DATA FOR PROCESSING:
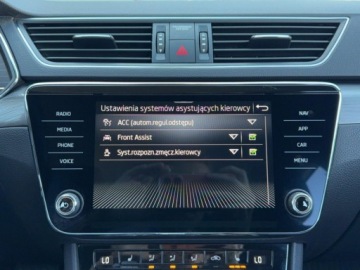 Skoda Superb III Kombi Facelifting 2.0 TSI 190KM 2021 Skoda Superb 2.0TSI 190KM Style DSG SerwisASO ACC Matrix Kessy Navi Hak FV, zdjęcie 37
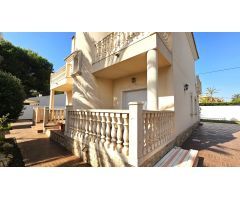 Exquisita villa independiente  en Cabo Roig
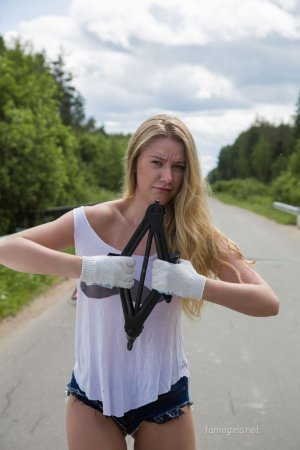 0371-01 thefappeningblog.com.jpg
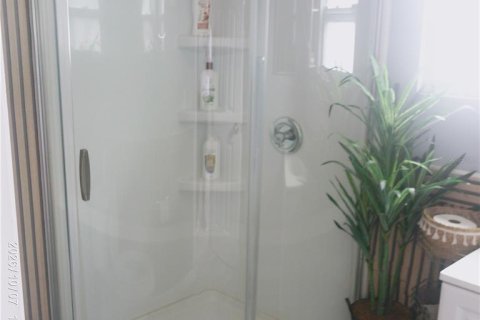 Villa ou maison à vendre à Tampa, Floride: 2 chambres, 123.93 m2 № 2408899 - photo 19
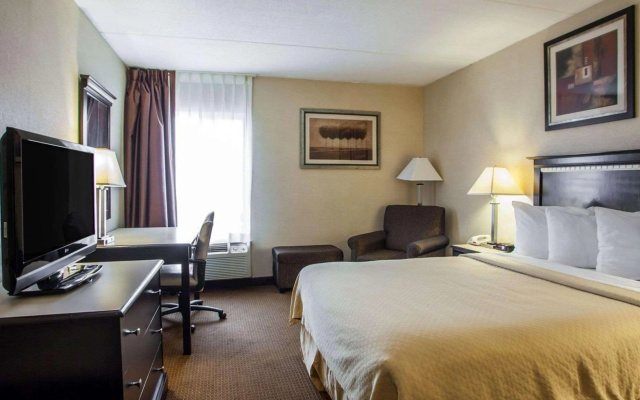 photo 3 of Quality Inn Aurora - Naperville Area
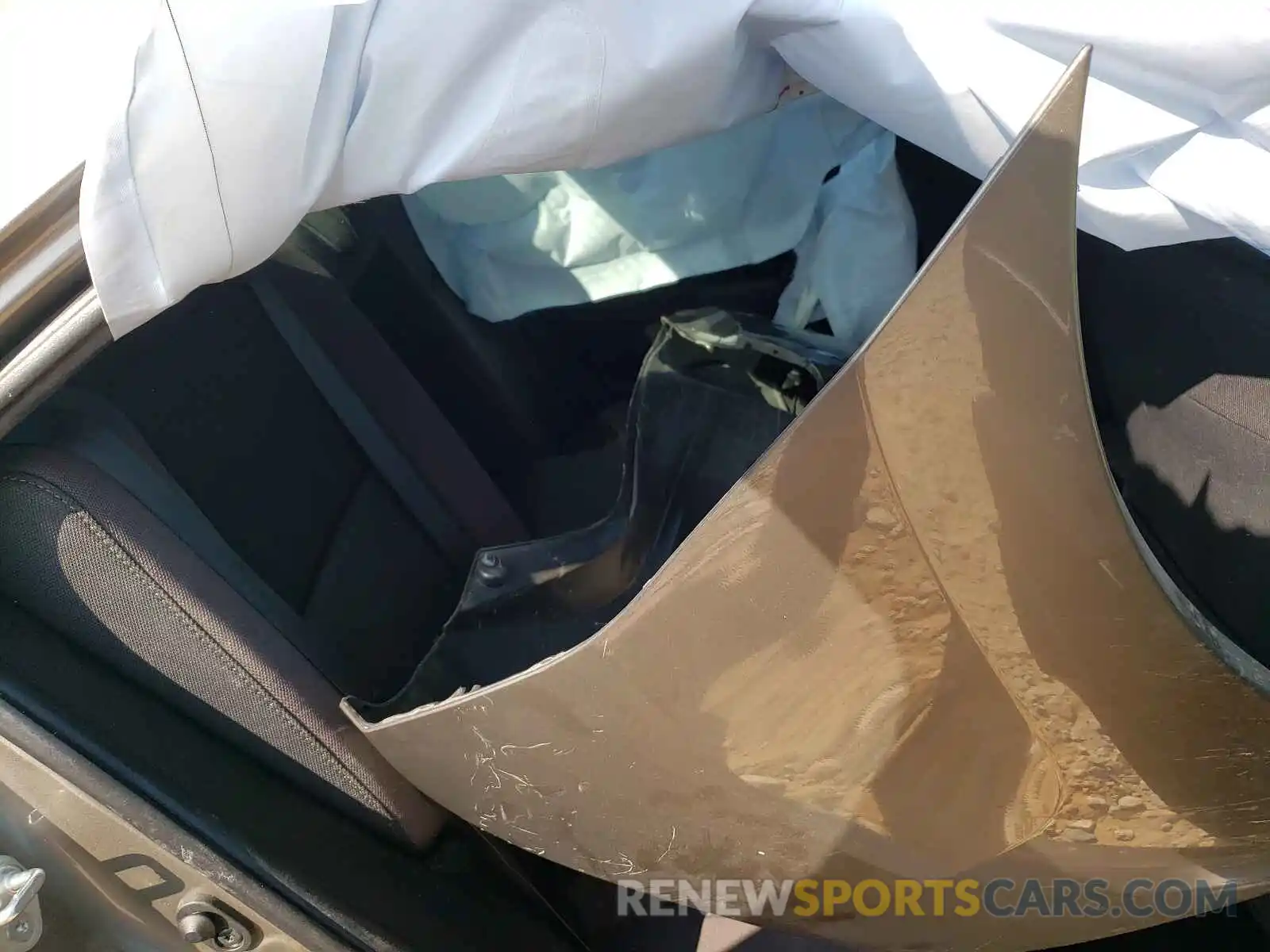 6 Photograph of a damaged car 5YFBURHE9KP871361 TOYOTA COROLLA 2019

PROMPT: Give again the lines from the line that contains "Villa ou maison" through the last line of the material above, exactly and with both ends included. Omit the pictures.

RESPONSE BOX:
 Villa ou maison à vendre à Tampa, Floride: 2 chambres, 123.93 m2 № 2408899 - photo 19
 photo 3 of Quality Inn Aurora - Naperville Area
 6 Photograph of a damaged car 5YFBURHE9KP871361 TOYOTA COROLLA 2019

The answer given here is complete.